Stilettos don’t have to mean crippled feet - Health & Beauty - Life & Style - Evening Standard
       

Stilettos don’t have to mean crippled feet

Victoria Beckham's stilt heels have given her bunions. Rosamund Urwin refuses to heed the warning...

I only own two pairs of flat shoes: trainers and a single set of red ballet pumps. The rest of my collection wouldn't rival Victoria Beckham's in size but it certainly would in height: no other shoe falls shy of three inches and my tallest Jimmy Choos stand proud at five inches high. Each night, I pack the stilettos away in their original boxes, filled with shoe trees, while the trainers and pumps are flung on the floor.

Since I left university five years ago, I have rarely been out of vertiginous heels. Even in my student days, I sometimes walked the cobbled streets to lectures in danger of toppling over. Imagine then the surprise of my politics tutor when he found out that the girl tottering in shoes she could barely walk in was a fully-fledged feminist, the kind who normally rants about patriarchy inflicting such ludicrous demands on women.
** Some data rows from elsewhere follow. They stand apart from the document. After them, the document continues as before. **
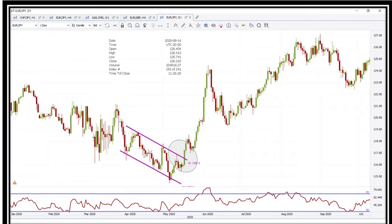Traders can look to trade breakouts with any of the prescribed mechanisms of support and resistance, with the anticipation that a news release could bring in the wanted volatility to first trigger the trade and second move the trade closer to the trader's profit target. Looking at the EURJPY daily chart, EURJPY was in a downtrend and then a breakout occurred. The chart shows a breakout from the defined range, and you can look for a long position.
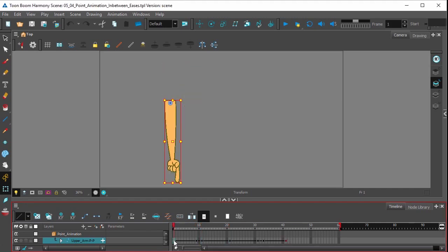Select the first keyframe, hold down shift, select the last keyframe, just like the entirety of your animation.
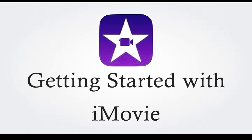Hi and welcome to this screencast on getting started with iMovie. iMovie is a great movie-making app that gives students an opportunity to use their iPad to produce videos that document, demonstrate, and share their learning experiences. During this screencast we will cover the basics of iMovie.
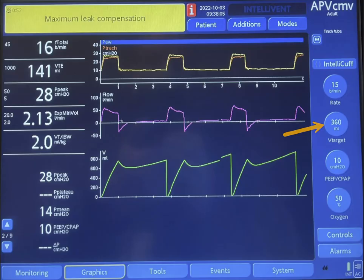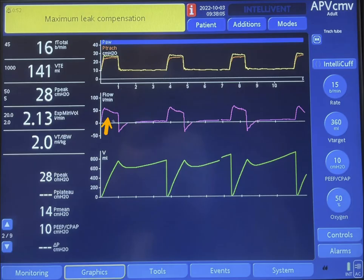The reason for that is because there is a huge leak and the machine is trying to compensate for it. Take a look at the area under the curve on the flow-over-time curve. The area in inspiration is much larger than the area under the curve in expiration. This indicates that part of the air that is inhaled is leaking.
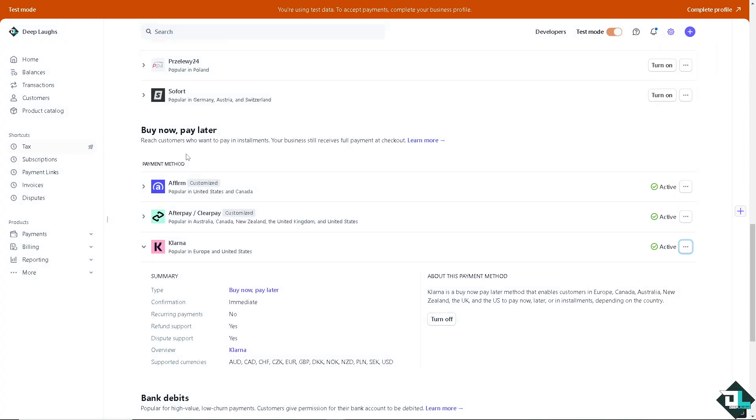Providing multiple payment options, including Klarna, enhances the overall shopping experience. Customers appreciate having choices that fit their financial needs, leading to higher satisfaction and loyalty.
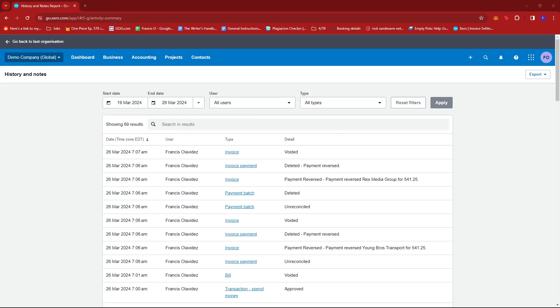And that's about it. That's how you see your user activity in Xero. If you have any questions, please let me know down in the comments below and I'll do my best to help you out.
But I don't buy the line about architectural heels holding us back. I have run for buses and danced all night in them. So much so that they now feel like extensions of my legs - when I take them off, I feel naked. And short. I love to wear them, and while no doubt some will say this is a sell-out, I find them empowering.

While Mrs Beckham is being forced to hang up her killer heels, mine have never inflicted any great pain: no bunions, no blisters, no ache in the knees. The skin sometimes becomes rough on the balls of my feet but it is nothing I can't fix at home with a buffer.

To avoid Posh-style pain, I pick shoes with a platform at the front to absorb more of the pressure and I switch pairs daily. The afore-mentioned Dorothy shoes do serve a purpose too - if I'm walking more than a mile, I tend to slip them on.

And your mother really was right when she said people always notice cheap shoes: the wearer most of all. There is a reason why most of my shoes came with a hefty price tag.

Designer shoes - be they Miu Mius, Manolos or McQueens - really are better for you than the high street rip-offs. While others invest in stocks, I have invested in the future of my feet.

Like Victoria Beckham, though, I recently went over to the short side, pledging to give up high heels. My abstinence was self-imposed, however, as I am running the London marathon in April, and decided that perhaps my feet couldn't take the twin demands of training and mega-heels. Three days in, I developed a blister - from my flats.

I lasted a week, before the pull of Alexander McQueen's patent peep-toe pumps had me rushing back. It seems the flesh is willing but my soles are weak. Why do I love them so? As the model Veronica Webb said: "High heels put your ass on a pedestal." It may go against my feminist principles, but recommendations don't come much higher than that.